PROBLEM TO WORK ON:
Report each line of the data below in which "Women" appears.

━━ DATA SHOWN ━━

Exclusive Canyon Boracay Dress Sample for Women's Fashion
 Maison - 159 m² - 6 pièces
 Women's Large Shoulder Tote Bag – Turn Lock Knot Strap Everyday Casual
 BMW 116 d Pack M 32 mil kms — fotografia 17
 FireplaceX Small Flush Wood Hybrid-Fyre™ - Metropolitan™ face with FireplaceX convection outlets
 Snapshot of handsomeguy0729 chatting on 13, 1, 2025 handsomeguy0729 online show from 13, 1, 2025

━━━

WRITTEN ANSWER:
Exclusive Canyon Boracay Dress Sample for Women's Fashion
 Women's Large Shoulder Tote Bag – Turn Lock Knot Strap Everyday Casual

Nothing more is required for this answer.